Un irrépressible besoin de liberté
On peut se demander pourquoi tant d’Allemands de l’Est tentèrent, par les moyens les plus extraordinaires et au prix de risques considérables, de quitter leur pays. Après tout la RDA était une société égalitariste qui assurait à tous un travail et un revenu décent, la gratuité de la plupart des services et des activités sportives et culturelles, ainsi qu’une égalité de droits très poussée entre hommes et femmes. Ces « bons côtés » ont pu nourrir cette forme de nostalgie bien décrite dans le film Goodbye Lenin !. Le Vent de la liberté s’ouvre d’ailleurs sur une scène typique de l’ex-Allemagne de l’Est, dont la bande son rappelle la comédie de Wolgang Becker : la cérémonie solennelle de Jugendweihe (initiation des bacheliers), bercée par la chanson patriotique Unsere Heimat (« Notre patrie ») entonnée par la chorale des jeunes pionniers. 

Mais sous l’aspect idyllique du tableau perce l’inquiétude, puisque le compte à rebours de la première tentative est enclenché. C’est cette violente soif de liberté et qui est à l’origine du besoin irrépressible de s’évader de cette prison qu’était pour certains la RDA. 

Les élections étaient verrouillées, les médias (quarante journaux, deux chaînes de télévision et quatre de radio) sous contrôle, toute critique du régime conduisait en prison. Il n’était pas permis de choisir librement ses études et son orientation professionnelle, la préférence pour l’accès aux études universitaires était donnée aux enfants de paysans et d’ouvriers. 

Les ressortissant de RDA ne pouvaient voyager que dans les pays « frères » du bloc de l’Est, avec une autorisation. Pour pouvoir se rendre à l’Ouest de l’Allemagne, il fallait une autorisation spéciale, fondée sur des circonstances particulières. 

La Stasi, un État dans l’État
Pour nommer les évasions, on employait en RDA le terme de Republikflucht, qui se traduit littéralement par « fuite de la République », mais dont la connotation était beaucoup plus négative : quitter le pays était assimilé à une véritable trahison, et la lutte contre les évasions était une des priorités de l’appareil d’État.

À travers le rôle de l’inspecteur Seidel mais aussi du voisin des Strelzyk, modeste fonctionnaire de terrain, le film montre le fonctionnement de la redoutable Staatssicherheit (STASI). Cette police politique, chargée de maintenir les citoyens sous étroite surveillance, employait plus de 90 000 collaborateurs, mais aussi et surtout une multitude de collaborateurs officieux (les « IM », Inoffizielle Mitarbeiter), citoyens ordinaires chargés d’espionner leurs collègues ou voisins en échange d’avantages (logement, études, emploi, etc.) ou sous la menace.

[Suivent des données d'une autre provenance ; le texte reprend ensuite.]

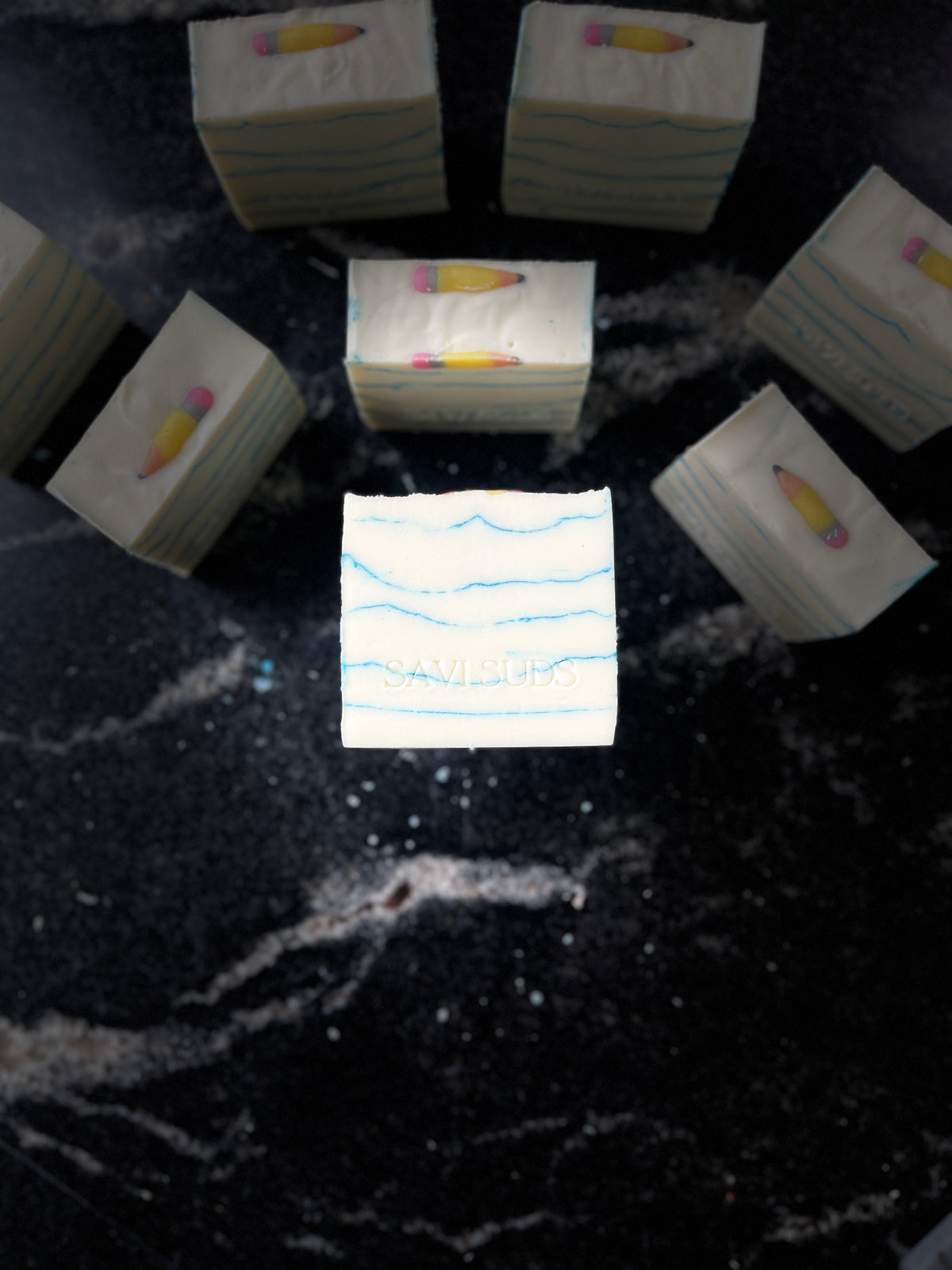 A set of white square soap bars with light blue wavy line patterns and small yellow-and-pink pencil embeds on top, arranged on a dark black marble surface. One bar in the center has faint text reading 'SAVI SUDS'.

Cette omniprésence de la STASI engendrait la méfiance de tous à l’égard de tous, d’autant que la police secrète n’était soumise à aucun contrôle, recevant directement ses ordre de la SED (Sozialistische Einheitspartei Deutschlands, Parti socialiste unifié), le parti unique. Le film propose un tableau assez fouillé de l’ambiance au quotidien, évitant le manichéisme en montrant à la fois les collaborateurs zélés du régime et les discrets (car dangereux) gestes de solidarité comme celui de l’institutrice qui refuse de dénoncer les activités suspectes des parents. 

Film Allemand de Michael « Bully » Herbig. 1er prix au festival international du film d'histoire de Pessac. 4,1 étoiles AlloCiné.